Psychological Technical Debt

Hello world. 

I’m 27 years old and just finished a boot camp to become an engineer, but my status as a professional hasn’t been consummated by receiving any money for my work. I supposed that makes me an amateur. 

Being a boot camp grad is hard for everyone. There are many companies that just don’t believe our kind are really engineers after only 12 weeks. My peers are amazing though, and it’s unfair that we have to deal with that stigma. That’s not my biggest problem though. Not even close.

My biggest problem is me. I am consistent only in my ability to let myself down. If it weren’t for me, I’d be a really good programmer. I mean I seem to have some aptitude, I’m just really struggling to overcome bad habits, self limiting beliefs and an ass-load of fear. Together, plus some things I haven’t noticed and/or named, these traits make up what I call my “Psychological Technical Debt.”

Donkey with scream emoji and the scream
FYI, that’s a really clever term and I’m extremely proud of myself for that. 

For those not in the field, “technical debt” refers to the work you put off until later. This happens when you settle for code that works but is not the best it can be. It’s like driving on a spare tire, the car moves, but there are “buts.” 

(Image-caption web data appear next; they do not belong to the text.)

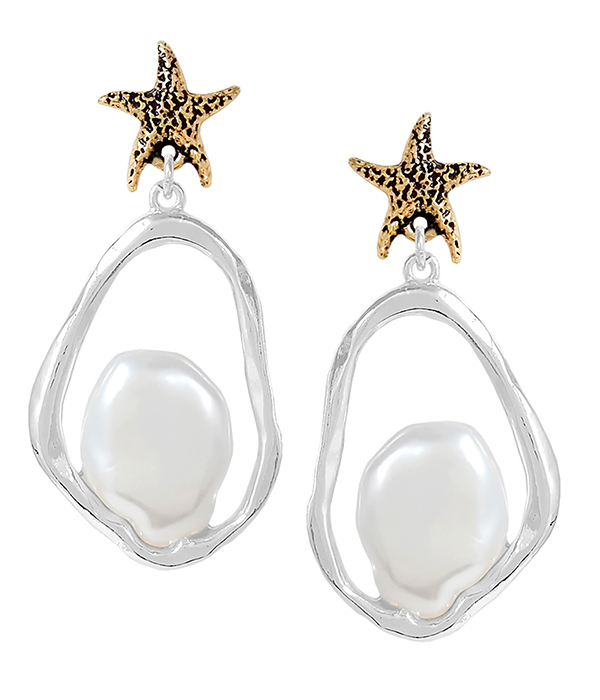 SEALIFE THEME PEARL HOOP DROP EARRING - STARFISH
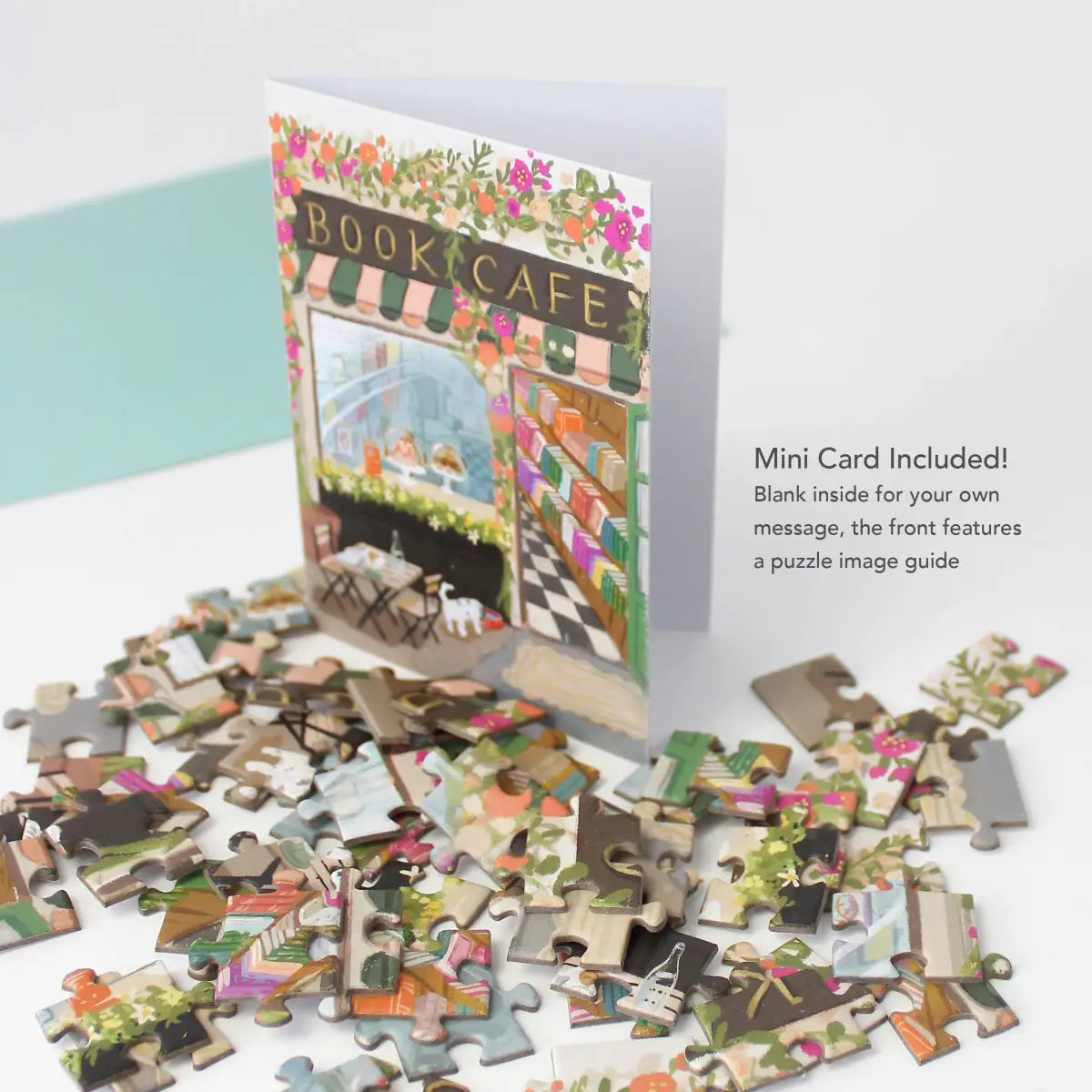 Puzzle Greeting Card - Book Café - Inklings Paperie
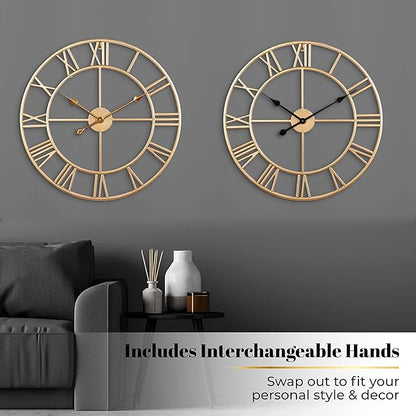 CLXEAST Champagne Gold Metal Wall Clock, Large Roman Numeral 24 Inch Wall Clocks for Living Room Decor,House Warming Gifts New Home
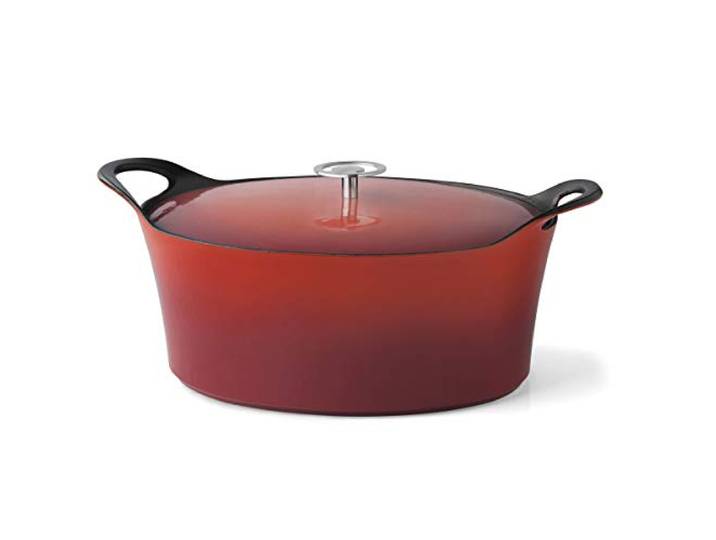 Cuisinox C61180WX38871 Volcan Bräter, oval, 35 cm, Gusseisen, emailliert, Rot mit Deckel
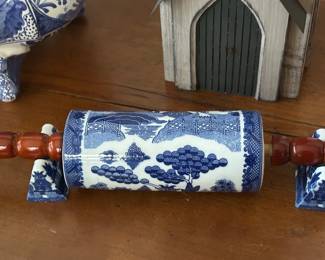 Blue Willow Rolling Pin with Stand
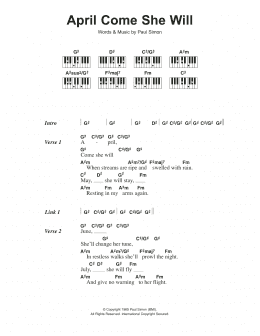 page one of April Come She Will (Piano Chords/Lyrics)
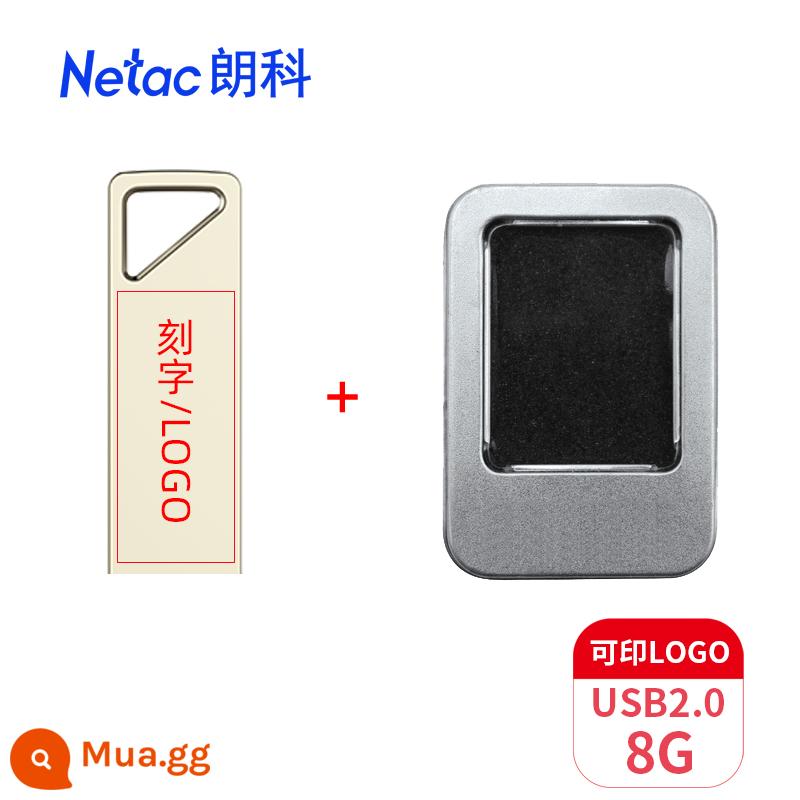 Netac Langke U326 Ổ Đĩa U 32G Tùy Chỉnh Doanh Nghiệp LOGO Chữ Mã Hóa Kim Loại Đèn LED Cổng USB Tặng Dịu Dàng Ổ Đĩa Flash - Đĩa U 8 [2.0 tùy chỉnh] + hộp sắt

So, psychological technical debt is the self work that you previously avoided by pseudo-coping with your flaws. At some point, you’re going to have to dig into your inner dirt and pull out all the causes by their roots. 

Pulling out the carrots of self-limiting beliefs
Then you can plant something more attractive. I hope. 

I think I may have found a root tonight. Although my conscious mind is 100% invested growth, my subconscious is clinging to a fixed mindset. How can I tell? Evidence slips out when I’m crying at my husband. 

Tonight he told me I need to love myself. 

Me: “it’s like if I told you ‘you just need to fly!’ I don’t even know where to start. It would be easier to love an enemy.”

Also me: “how can I love someone who only ever disappoints me?”

He pointed out that I can change if I work at it. There’s a bit of a chicken and egg problem here. The thing I hate most about myself is my ability to avoid work (often by creating a melt down over how much I hate myself for not working hard enough). Saying that I can change that by working hard is sort of frustrating.

But what if, instead of convincing myself that working is impossible because I don’t work, what if I challenged my core assumption, the way I would if I were debugging? 

What if I can work? 

After all, I made it through boot camp. Someone must have been doing that work. If I accept that thought, I have something to work with.

So I can do work. Actually, looking back on boot camp, I can work hard and proactively if I have a clear task.

I have an objective: become a proud and competent, employed software engineer with lots of money and a side project. But there are too many tasks leading up to that. So I’ll have to prioritize. That sounds like work. Lucky thing we just established I can do work. 

But I need to work consistently. So my working can’t be contingent on the belief that I will reap the rewards, since my subconscious doesn’t believe I will work hard enough to get there.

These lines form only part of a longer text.